━━ Information shown ━━
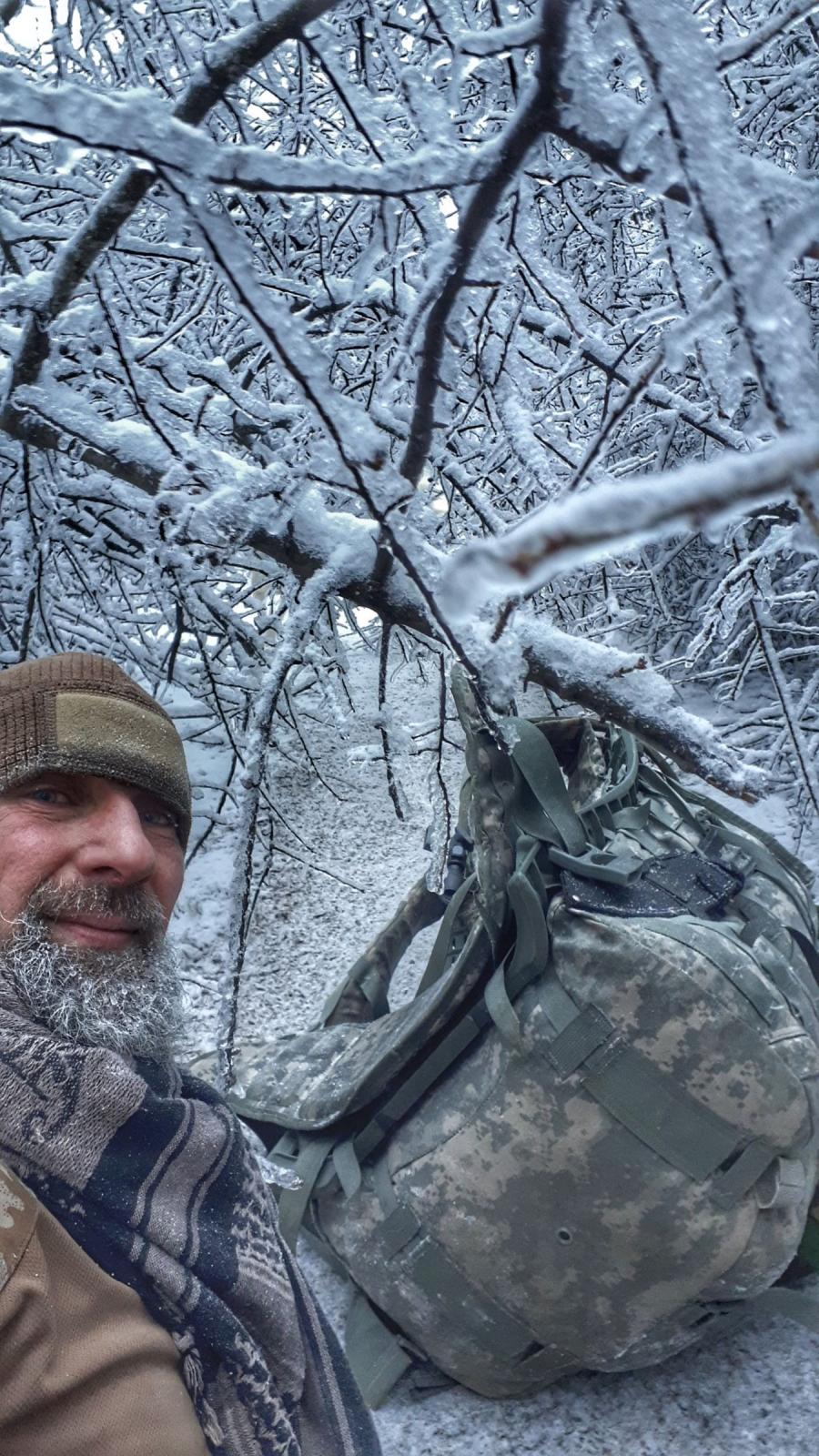 toth viktor omm outdoor trek hike ruck winter crawling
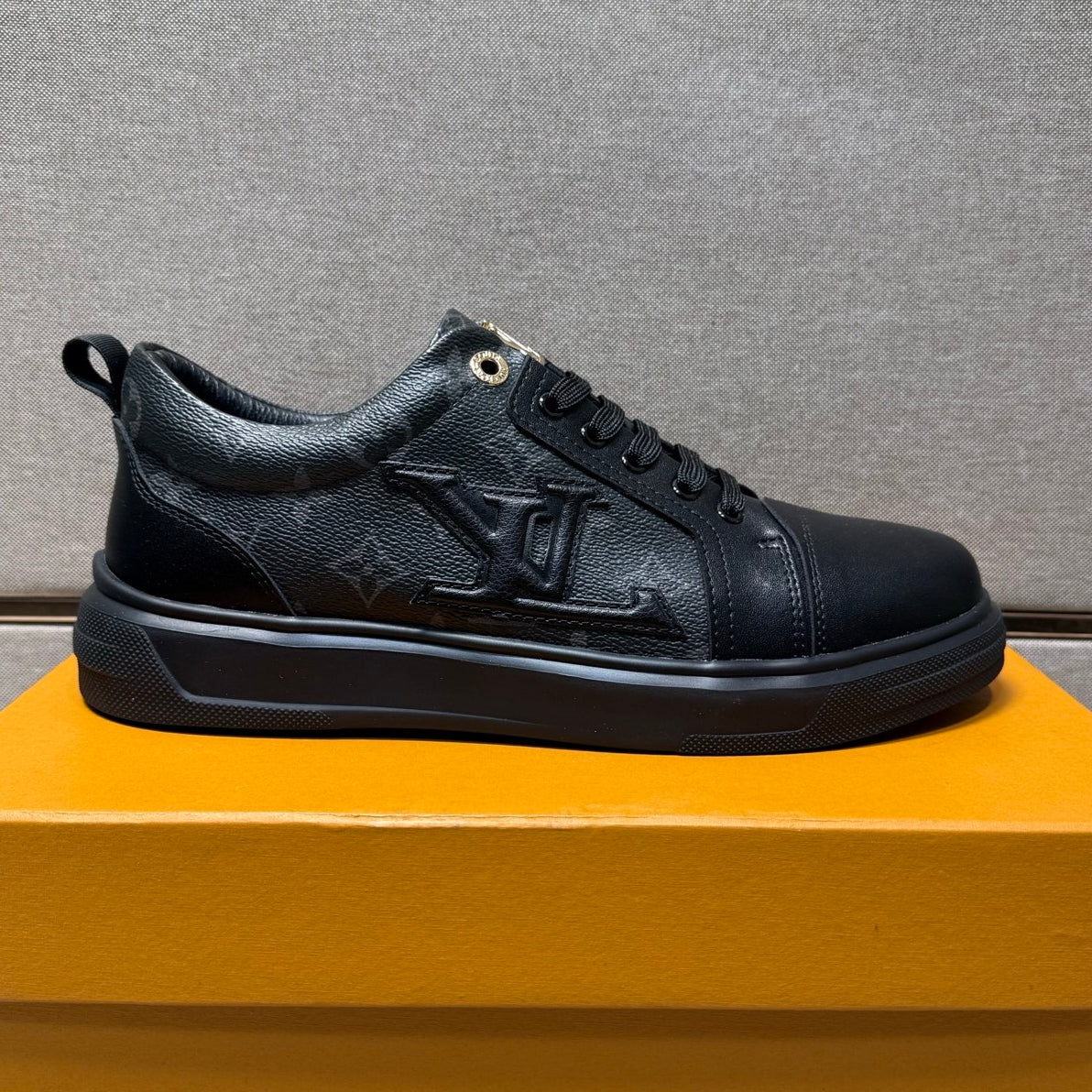 Men's casual sneakers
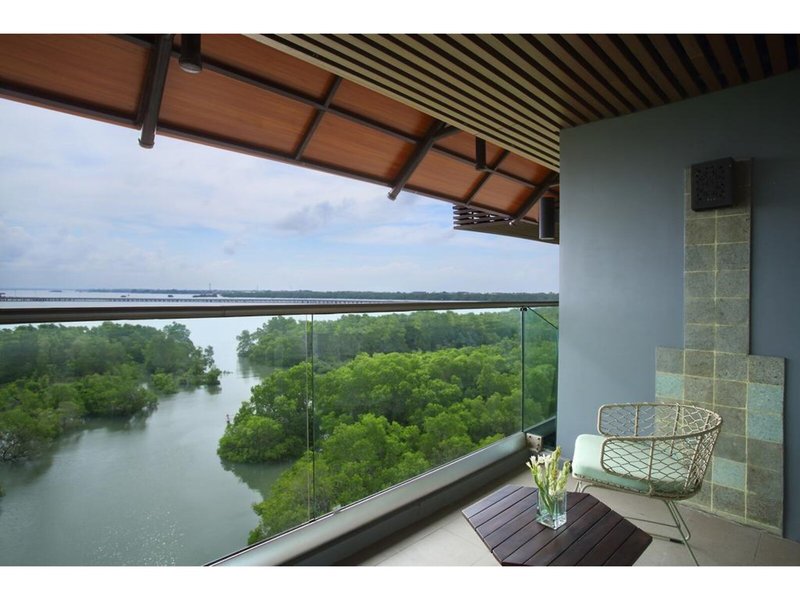 The Crystal Luxury Bay Resort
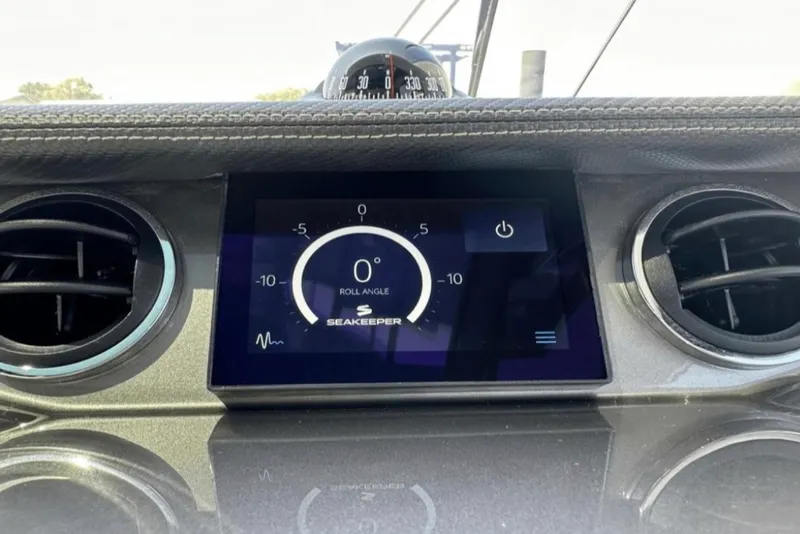 Slide: The Image of Galeon 510 SKY 2024 - 46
━━━
● Work required:
Return the listing above unaltered, omitting its pictures.

● Exercise solution:
 toth viktor omm outdoor trek hike ruck winter crawling
 Men's casual sneakers
 The Crystal Luxury Bay Resort
 Slide: The Image of Galeon 510 SKY 2024 - 46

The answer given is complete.